(Captioned web images)

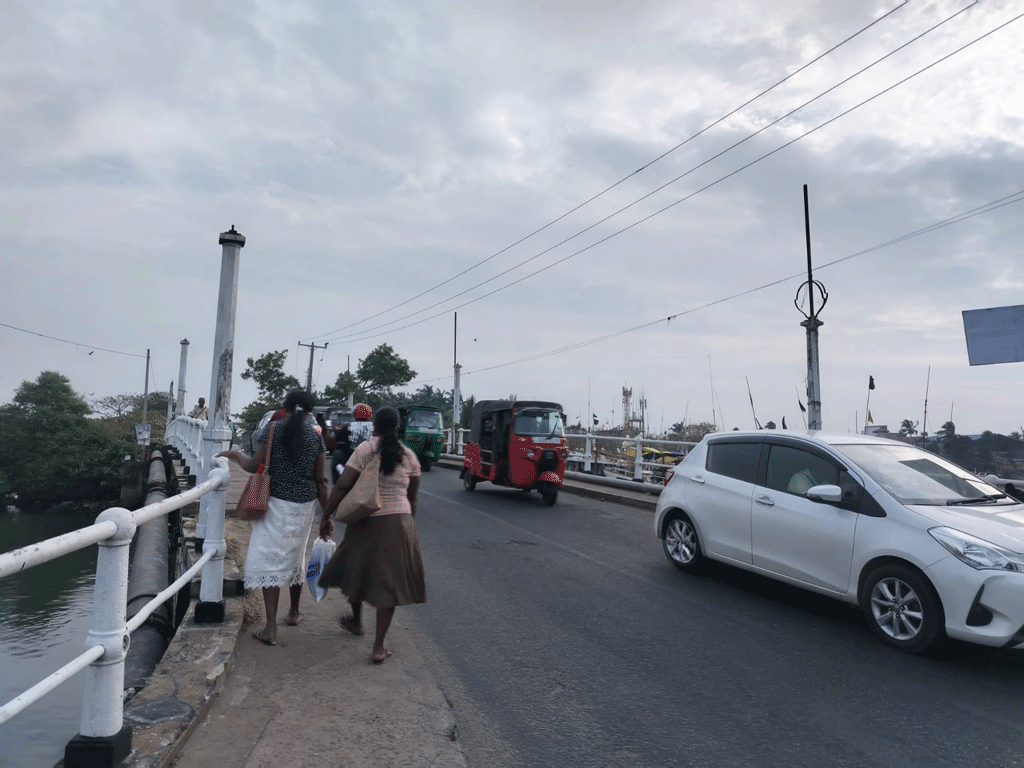 කොතලාවල පාලම කළුවරේ ජනතාව අනතුරේ කොතලාවල පාලම කළුවරේ ජනතාව අනතුරේ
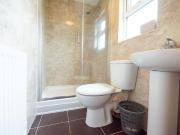 5 bedroom terraced house to rent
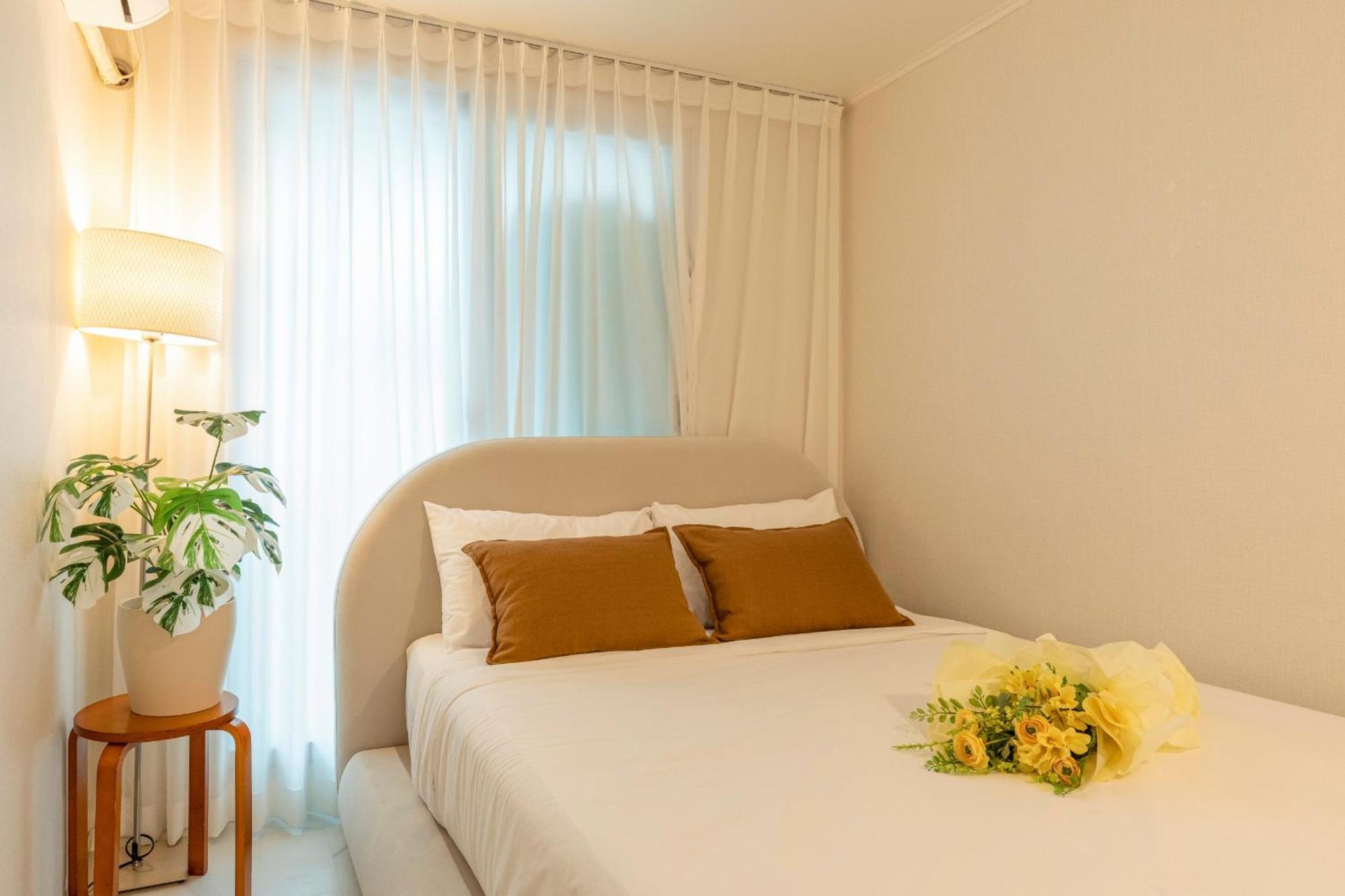 Modernstay Hongdae#mangwon Local Market 10mins, Hongdae, Airport Bus, Hanriver Park 10min,family อพาร์ทเม้น *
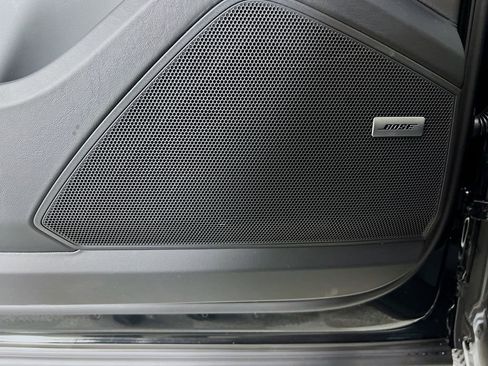 New 2026 Porsche Cayenne image 21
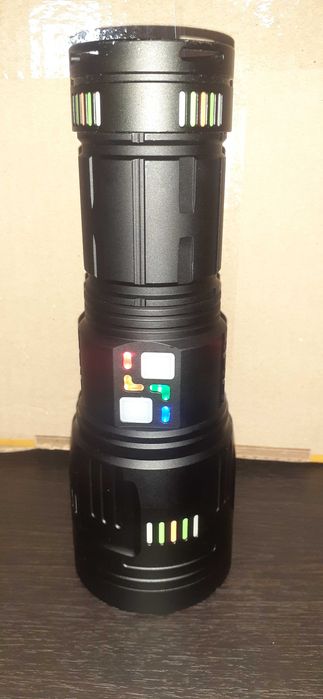 Вражаючий дальнобійний ліхтар-gt 61 з дальностю 1500 метрів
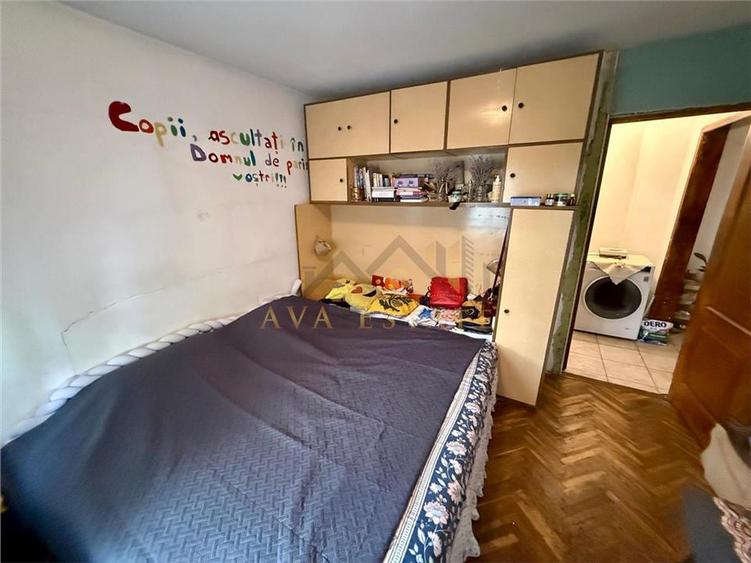 Apartament cu 2 camere decomandat în Soarelui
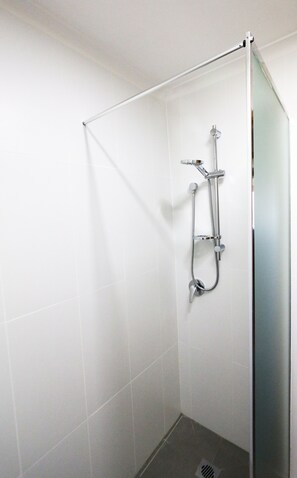Tina con regadera, amenidades de baño ecológicas, jabón, shampoo 
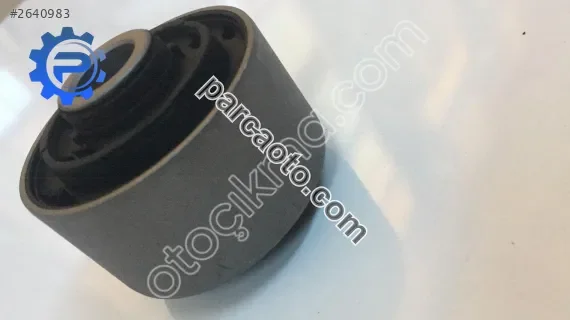 Toyota Burç Taşıyıcı Rav4 00-05 Arka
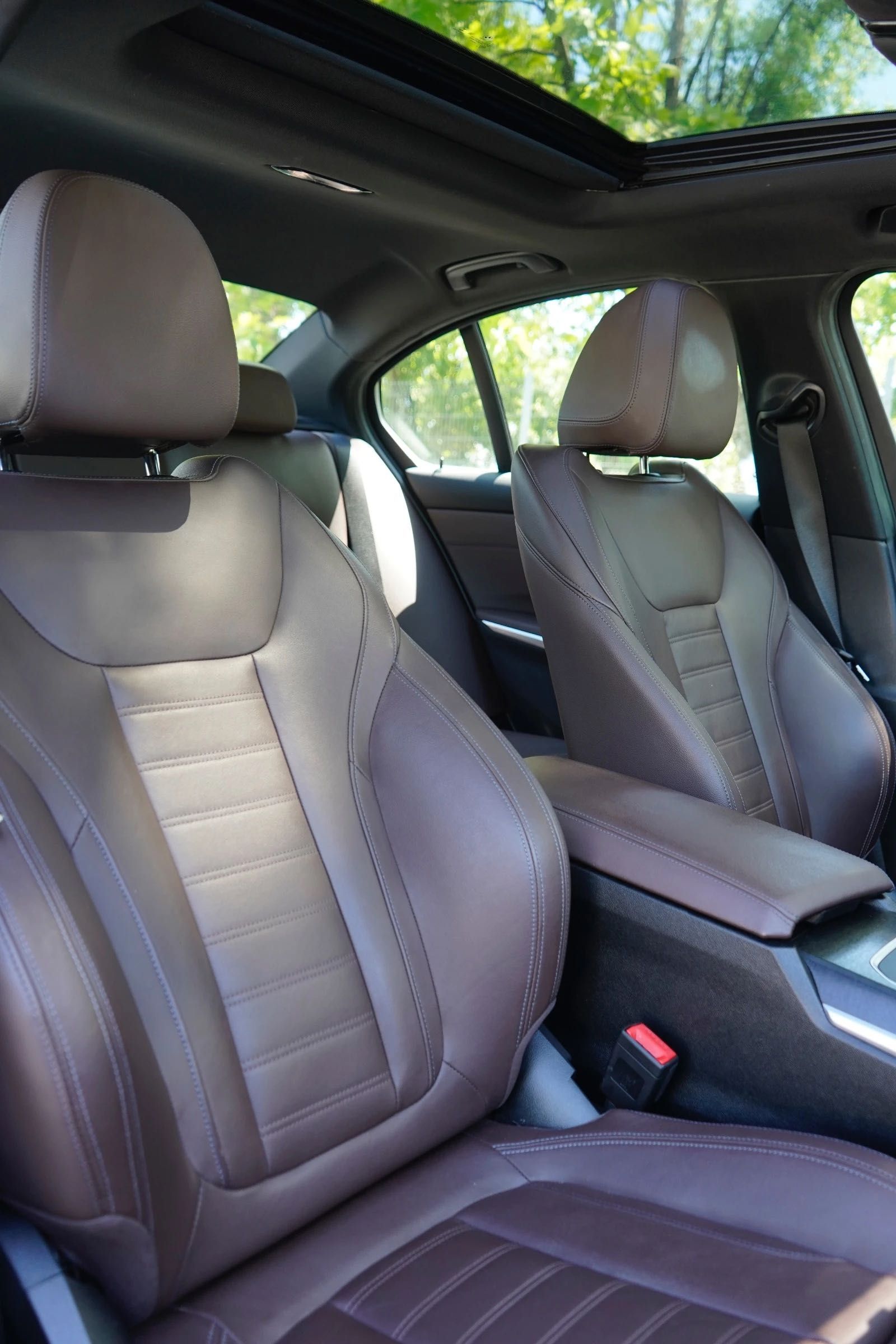 BMW 330 xDrive/KEYLESS/ Virtual Cockpit/ Sport Line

▶ **About this task**:
Nothing but the lines from the one holding "Modernstay Hongdae#mangwon Local" to the end of the entries above should be echoed, exactly and with both ends included; omit the pictures.

▶ **Written reply**:
 Modernstay Hongdae#mangwon Local Market 10mins, Hongdae, Airport Bus, Hanriver Park 10min,family อพาร์ทเม้น *
 New 2026 Porsche Cayenne image 21
 Вражаючий дальнобійний ліхтар-gt 61 з дальностю 1500 метрів
 Apartament cu 2 camere decomandat în Soarelui
Tina con regadera, amenidades de baño ecológicas, jabón, shampoo 
 Toyota Burç Taşıyıcı Rav4 00-05 Arka
 BMW 330 xDrive/KEYLESS/ Virtual Cockpit/ Sport Line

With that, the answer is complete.